Date of Award

Spring 5-19-2018

Degree Type

Dissertation

Degree Name

Executive Ed.D. in Education Leadership Management and Policy

Department

Education Leadership, Management and Policy

Advisor

Joseph Stetar, Ph.D.

Committee Member

Michael Kuchar, Ph.D.

Committee Member

William Ronzitti, Ph.D.

Committee Member

Lauren Schoen, Ed.D.

Keywords

School administrator, Bullying victim, Perpetrator of bullying, Bullying, Peer victimization, Elementary school student, Parental involvement, Anti-Bullying Bill of Rights, School climate

Abstract

It is common for school administrators to be unaware of school bullying that has occurred because students typically conceal it. Yet recent legislation has made schools responsible for eliminating bullying. Research indicates that students who choose to reveal victimization are more likely to tell a trusted parent than school personnel.Consequently, the information gained through parental reporting is essential to the school’s ability to help students and conduct interventions and prevention efforts in general. Examining the relationship between parental perceptions of the school climate and their inclination to report student victimization offers valuable information that can aide schools in combating bullying.

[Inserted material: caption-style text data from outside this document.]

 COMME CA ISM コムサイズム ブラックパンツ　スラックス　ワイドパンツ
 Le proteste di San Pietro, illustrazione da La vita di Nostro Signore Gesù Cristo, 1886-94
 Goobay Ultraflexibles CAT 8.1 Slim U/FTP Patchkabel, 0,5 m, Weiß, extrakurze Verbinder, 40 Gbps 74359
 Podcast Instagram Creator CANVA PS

The current study was based on the following overriding research question: What relationship, if any, exists between suburban elementary school parents’ perceptions of the school’s climate and their inclination to report a bullying incident to a school administrator? The three underlying research questions were as follows: 1) What relationship, if any, exists between suburban elementary school parents’ perceptions of the degree to which parents are incorporated into school life and their inclination to report a bullying incident to a school administrator? 2) What relationship, if any, exists between suburban elementary school parents’ perceptions of the school’s academic climate, including their satisfaction with the overall instructional quality, and their inclination to report a bullying incident to a school administrator? 3) What relationship, if any, exists between suburban elementary school parents’ perceptions of the degree to which the school’s communications and administrative efforts are open, honest, sincere, and fair and their inclination to report a bullying incident to a school administrator? This quantitative study employed primary data consisting of New Jersey School Climate Parent Survey results and responses to four bullying questions and six demographic questions. The parents of students in kindergarten through fifth grade served as the participants. The results were statistically significant but moderately weak for the first research question and statistically significant but weak for the third.

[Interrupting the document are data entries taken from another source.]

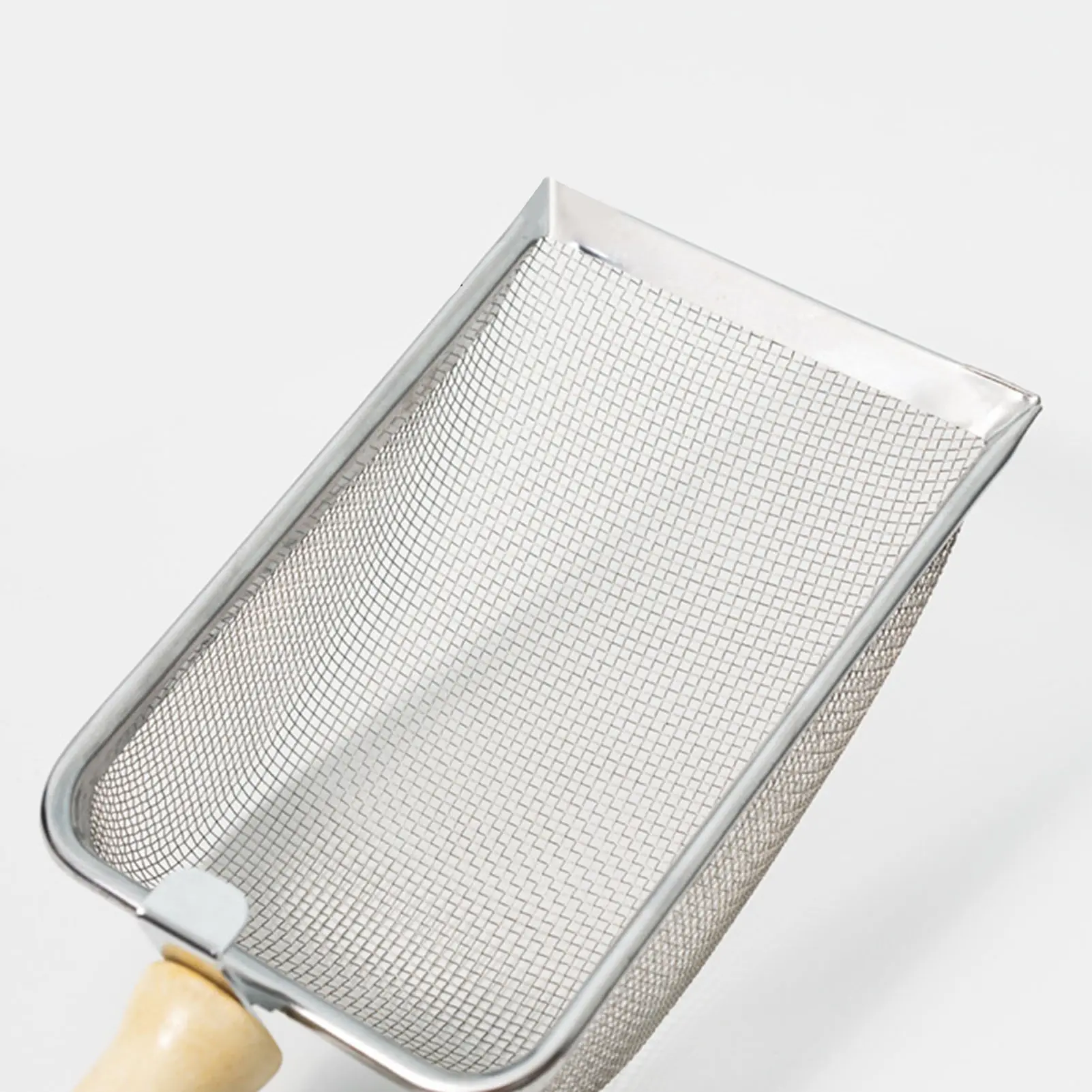 Fine Fesh Cat Litter Net Shovel Metal Mesh Cat Litter Shovel Reptile Wooden Handle Sand Shovel Cleaning Feces Pet Cleaning Tool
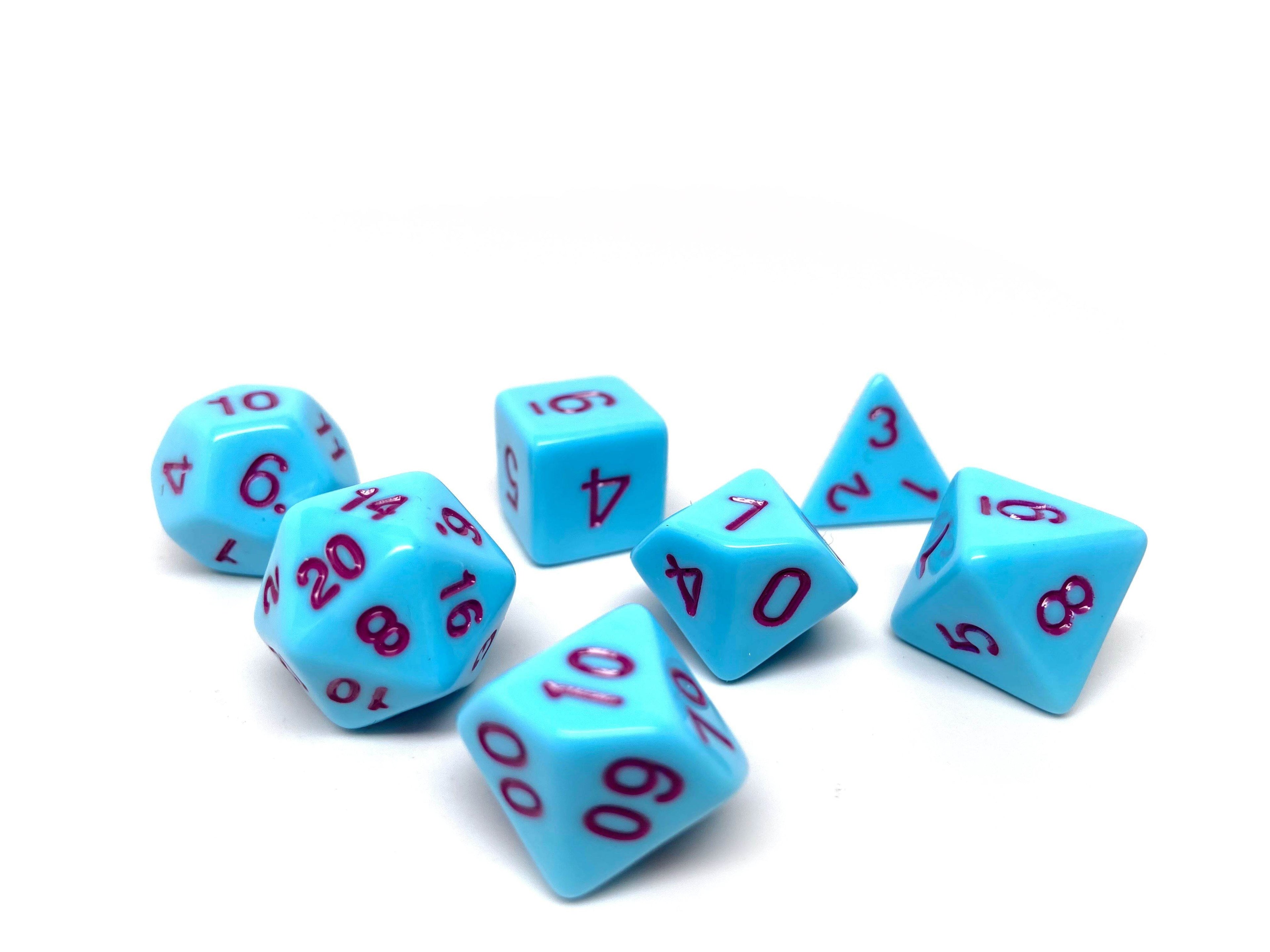 Powder Blue Opaque - 7 Piece Set - 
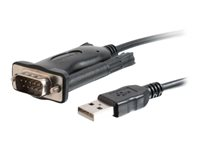 C2G Serial RS232 Adapter Cable - USB / serielkabel - USB (han) til DB-9 (han) - 1.5 m - sort 86887
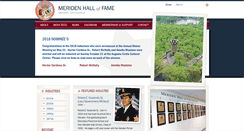 Desktop Screenshot of meridenhalloffame.org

Given the important goal of assisting victimized youth and ameliorating bullying, it is essential for even moderately weak and weak results to lead to action. Therefore, resources should be allocated toward improving school climate because of its link with increasing parental willingness to reveal their child’s victimization. Through increased collaboration, parents and administrators can better understand victimization in their schools and be more capable of intervening effectively.